While I'm talking about books specifically, feel free to replace that with your hoard: vinyl records, jewelry, comic books, dolls, furniture, shoes, pez dispensers, art, even houses and cars. We collect, we own, and in the owning, become part of our collection. For those of us with kids, we think about leaving them our treasures as a way to extend our reach past our death to the following generations.
And there we go: there is that lovely sepia-tinted nostalgia coming into play. Who doesn't want to imagine our heirs lovingly caressing one of our treasured tomes, remembering those special moments where we shared our love of the written word?
Or, maybe, selling them off to the highest bidder.
No one wants to think about that, of course. My father, who was a tinkerer and a wood-worker, owned possibly tens of thousands of dollars worth of tools. Some were antiques, some were cheap, and most were top-of-the-line. I have fewer than a dozen left. It's odd to be sentimental about a paint-splattered rubber mallet but that's grief for you.
In my mother's case, it was definitely books. I nearly hyperventilated when, after a major move, I could not find her copy of The Riverside Shakespeare. I never actually sit down and read it, it's hardly "light" reading and it's also big and heavy and, to be honest, I'm not much into Shakespeare.

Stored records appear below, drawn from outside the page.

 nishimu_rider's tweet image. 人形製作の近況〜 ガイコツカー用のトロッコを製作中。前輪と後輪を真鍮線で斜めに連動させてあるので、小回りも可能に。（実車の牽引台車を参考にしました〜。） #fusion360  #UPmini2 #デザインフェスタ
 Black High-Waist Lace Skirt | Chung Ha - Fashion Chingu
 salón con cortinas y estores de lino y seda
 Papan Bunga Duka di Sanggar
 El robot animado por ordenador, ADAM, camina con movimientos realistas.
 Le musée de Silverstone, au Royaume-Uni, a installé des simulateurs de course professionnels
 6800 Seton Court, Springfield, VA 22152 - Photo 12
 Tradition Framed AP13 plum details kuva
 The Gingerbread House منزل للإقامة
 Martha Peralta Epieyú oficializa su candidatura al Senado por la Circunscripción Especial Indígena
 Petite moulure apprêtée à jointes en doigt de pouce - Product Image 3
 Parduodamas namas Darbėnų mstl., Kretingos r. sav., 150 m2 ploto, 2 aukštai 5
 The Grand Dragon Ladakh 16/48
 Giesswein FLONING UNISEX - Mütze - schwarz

But it was hers and she read it and that's what matters to me.
Those moments will happen with the things left behind by a mortal life.
But don't bet on it.
That Riverside Shakespeare is one of maybe 10 books of my mother's I have left. As with my father's tools, they were too bulky and too rarely used by me to lug around for 20+ years after their deaths. Both collections were initially ransacked in the estate sale I held about a month after my father's death, then whittled down via moving, marriage, life.
Here is where sentimentality ends: the bills I had to pay, like my father's cremation and his outstanding dentist bill. And your kids will have that too, they will need to sell off part or all of your collection to pay for college, for that big wedding, for their own child's medical or school bills. Unless you are one of the fortunate who is bequeathing a trust fund and an estate where your heirs can store all of that crap? It's going to go.
I'm not arguing for nihilism, obviously – I still have the rubber mallet (still useful and it's older than I am), and I still have that Riverside Shakespeare. I still treasure the children's literature (Heidi, The Secret Garden) I read to Mother after her chemo sessions wiped her out. But if I were to bet, I'm sure the things I have are not the ones my parents expected me to hold on to. Those were not the things they expected to pass down as memory keepers for their daughter.
The items a person used and, possibly, treasured are imbued with traces of that person, not mystically so but simply through use. Wear and tear and markers as real as any other. Anyone who has grieved a loved one knows that is true. It settles my mind to occasionally pick up the knick-knacks mother had stashed by her bed (a bronze turtle? Why? I have no idea), to gaze on the plaques my father was gifted by the USAF. I still have his old, ragged eyeglasses for absolutely zero rational purpose.
But the idea that some things are better to be passed down – a collection of hard copy books, versus a kindle, for instance – is misleading. There is a false sentiment in those things, sometimes, a promise we keep close but is ours alone, not our heirs. I imagine that there will indeed be people who inherit a loved one's kindle and treasure it, both as the object they held in their hands and for the contents of it. Who are we to judge?
Things will be lost, sold, damaged, given away, put into storage. What is important is to be the person you want others to remember when they chance upon your memory.